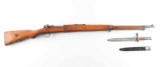 Turkish Mauser 1938 8mm SN: 121706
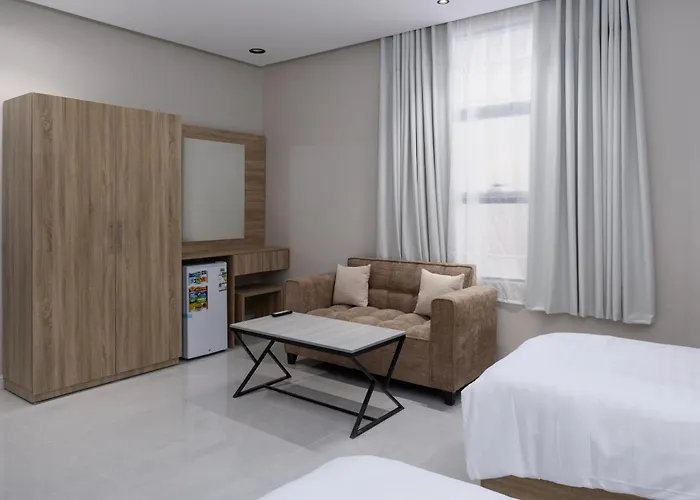 Taibah Guide Apartments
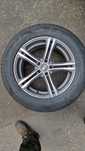 Felgi OZ 18 cali 8J18 5x108 do Ford Edge IDEAŁ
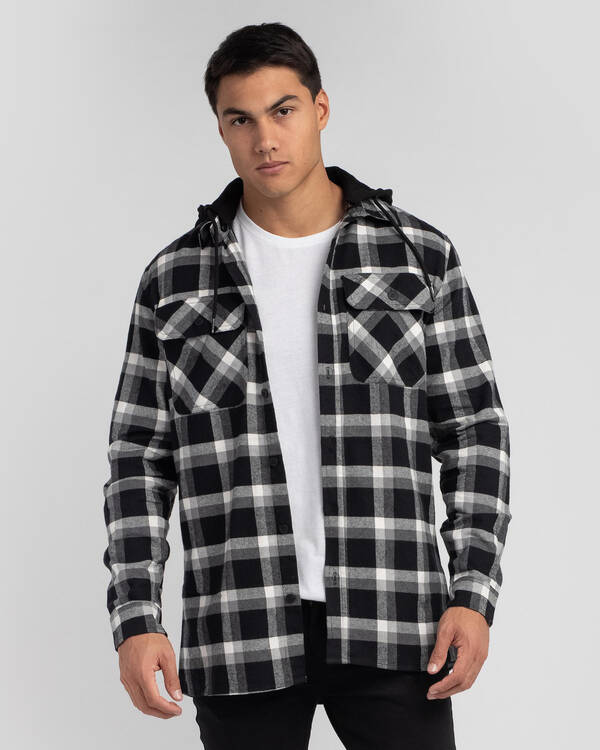 Aspect Long Sleeve Shirt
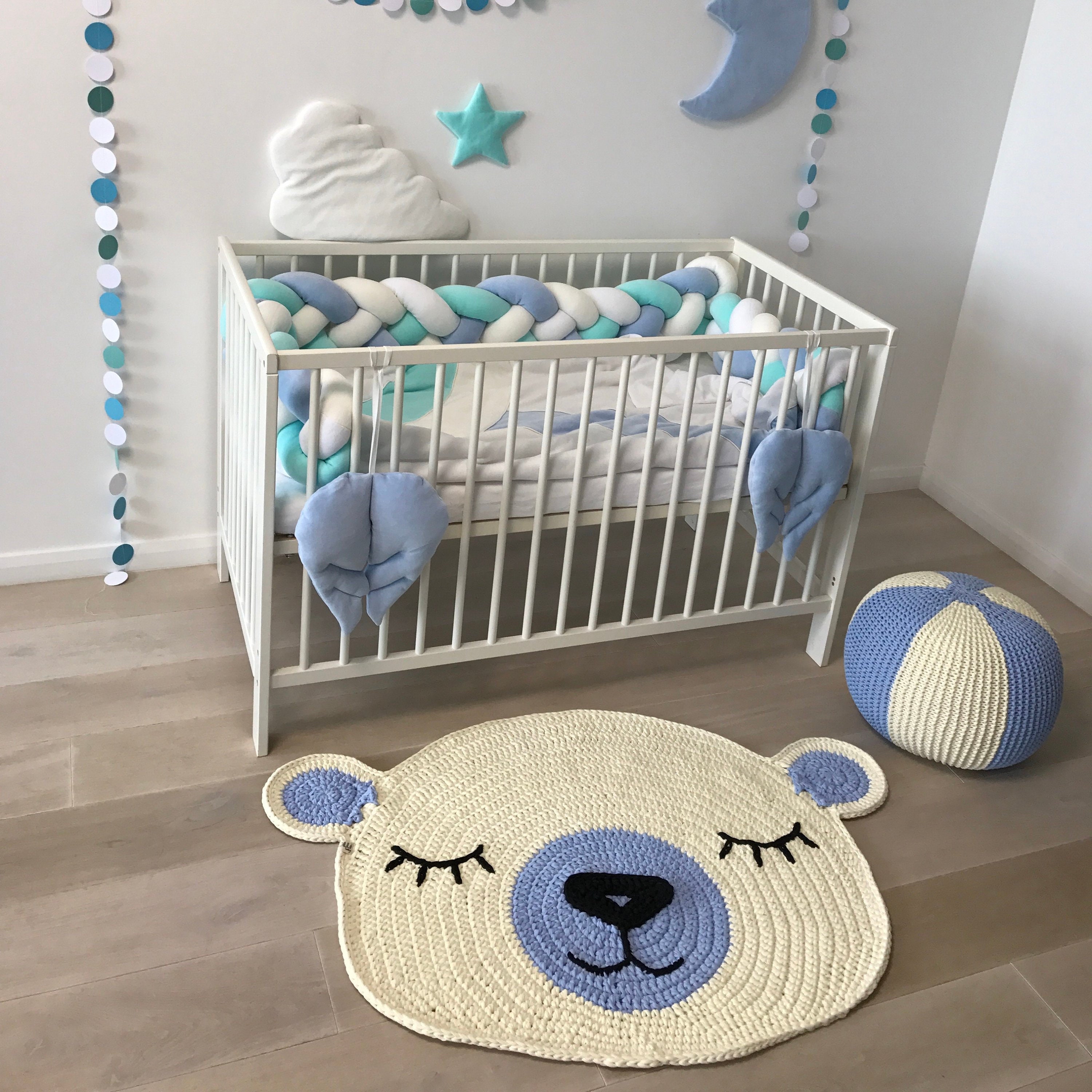 woodland activity mat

———

Given the listing above, return exactly, and only, the lines from the line with "Felgi OZ 18" through its final line, both included, with the pictures removed.

__Problem solution__:
 Felgi OZ 18 cali 8J18 5x108 do Ford Edge IDEAŁ
 Aspect Long Sleeve Shirt
 woodland activity mat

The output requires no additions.